Image-text web data
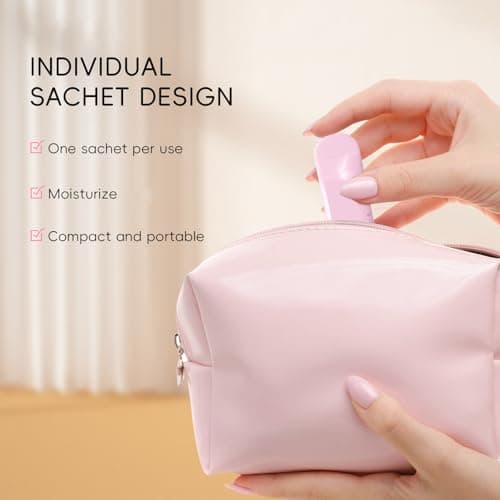Sakura Skincare Set, Sleepover Pamper Party Supplies for Girls — view 6
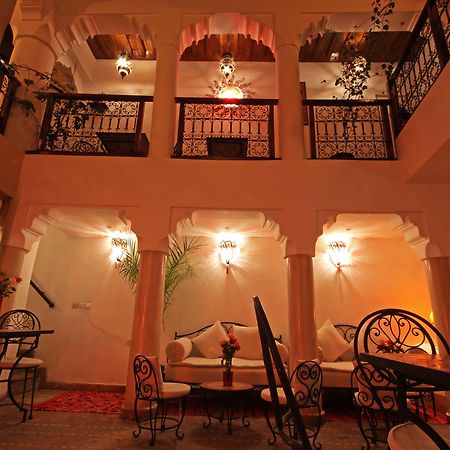 Riad Dar Saba Marakéš Exteriér fotografie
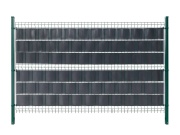 Plotový pás Scobax Diamond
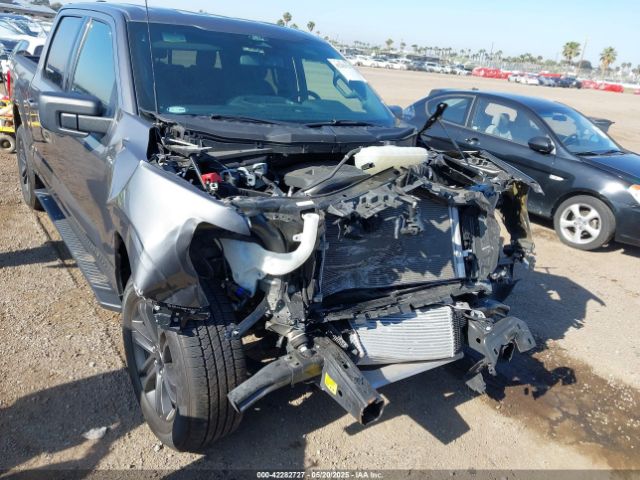 2022 FORD F-150 1FTEW1C85NKE92726 Photo 5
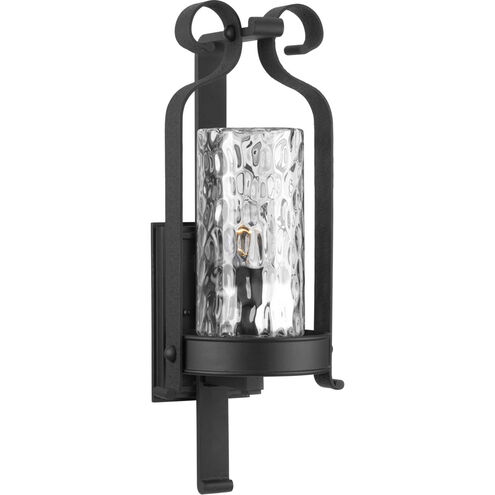 Hermosa Outdoor Wall Lantern, Large, Design Series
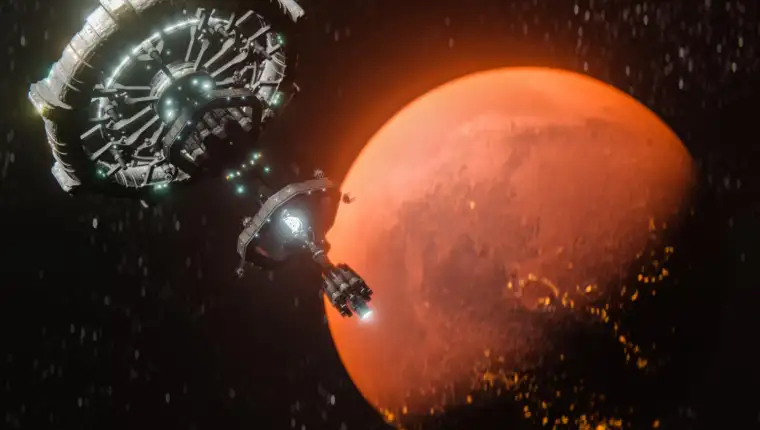mars freepik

**What to do:** Reproduce every entry above exactly, and omit the pictures.

**Exercise result:**
Sakura Skincare Set, Sleepover Pamper Party Supplies for Girls — view 6
 Riad Dar Saba Marakéš Exteriér fotografie
 Plotový pás Scobax Diamond
 2022 FORD F-150 1FTEW1C85NKE92726 Photo 5
 Hermosa Outdoor Wall Lantern, Large, Design Series
mars freepik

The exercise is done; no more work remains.